Cornwall woman must have eye removed – and she couldn’t be happier

Cornwall woman must have eye removed – and she couldn’t be happier
Daphne Lafave

CORNWALL, Ontario – You’d be forgiven if you were just a little bit upset at the fact that something as invasive as the surgical removal of an eye left you depressed and upset.

But you wouldn’t be Daphne Lafave.

The Cornwall woman, later this year, will undergo a procedure that will see her right eye completely removed…and she couldn’t be happier.

“That’s right – there’s a light at the end of the tunnel,” she said.

Lafave has spent a lifetime dealing with a myriad of health issues related to a type-1 diabetes diagnosis as a child. Since then it has been one medical stress after another, including a heart attack just days before delivering her daughter Jaida and kidney problems related to the diabetes.

But it’s the eyes of the 41-year-old that have given her the most trouble, thanks to complications like cataracts and glaucoma.

The swelling and pressure in her right eye became so bad that doctors actually made a hole in it years ago, and inserted a tube so that fluid could be drained away.

But now things have gone the other way and her eye has shrunk to the point of causing excruciating pain. Surgical removal will end her pain, once her body recovers from the procedure. She’s been blind in that eye for nearly eight years.

“It started like an eclipse and then just passed away,” she said.

Glaucoma is the term used to describe a number of related conditions that cause damage to the optic nerve, which transmits information from the eye to the brain. It usually, but not always, is associated with high intraocular pressure.

A normal person’s eye pressure is typically measured below 12 – Lafave’s was at more than 40 at its worse, causing extreme pain.

Despite all this, Lafave said it’s her positive approach to these conditions that have kept her going…in spite of the pain.

“It’s constant,” she said of the piercing she often feels in her eye. “I get numb from it. Sometimes I don’t even feel it because it is constant all the time.

“But because I won’t have an eye, I won’t feel the pain anymore.

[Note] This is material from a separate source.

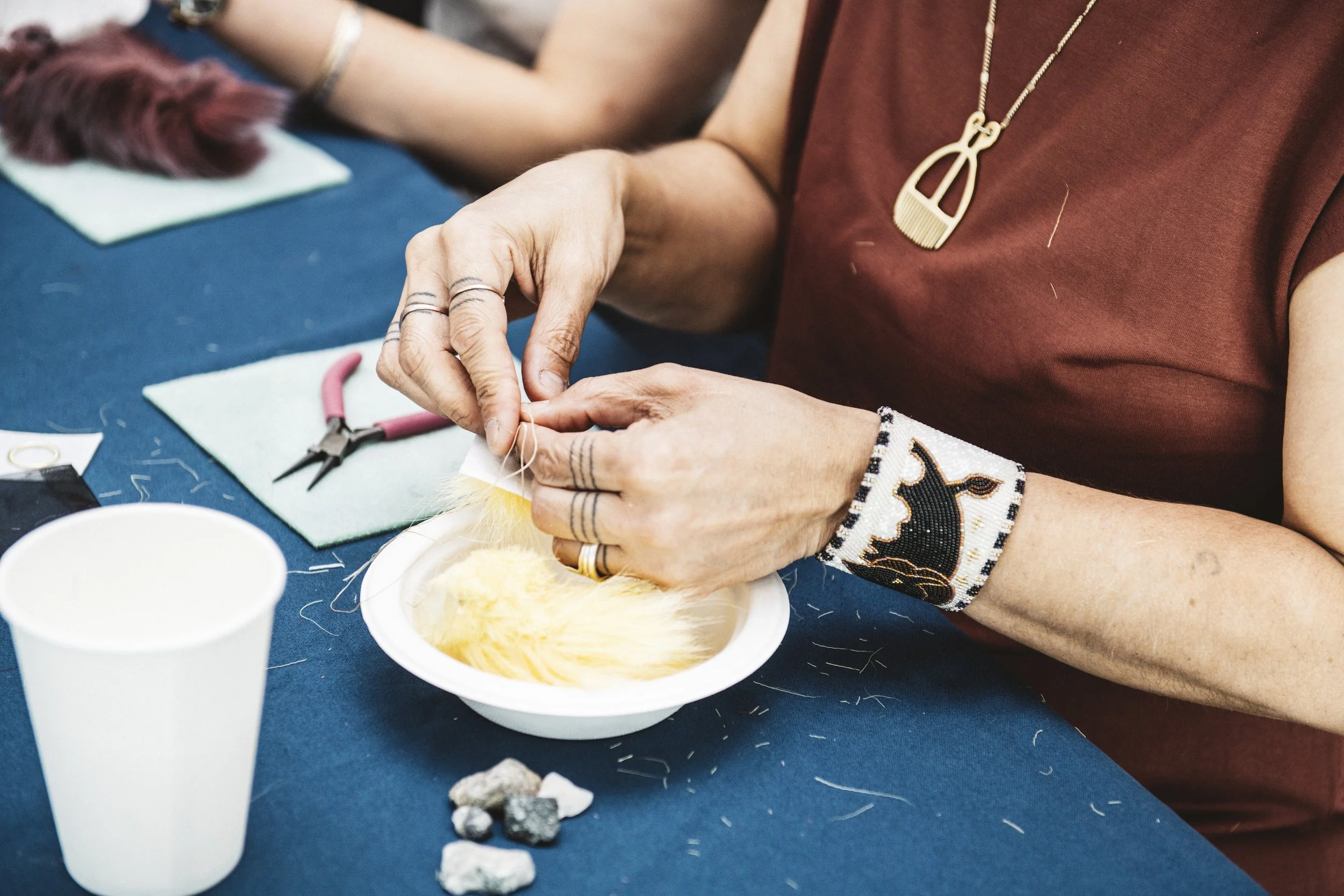Person working on jewelry making, handling a small piece with needle and thread, surrounded by tools on a blue table.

I’m so looking forward to that.”

The surgery, known as enucleation of the eye, minimizes further risk to life and well-being of an individual with conditions like end-stage glaucoma. Orbital implants and ocular prostheses are used by surgeons to restore a more natural appearance.

Lafave has advice for others dealing with chronic pain. “Try to keep positive and talk to as many people as you can,” she said. “I’m a very positive person, and now I’ll be even happier.”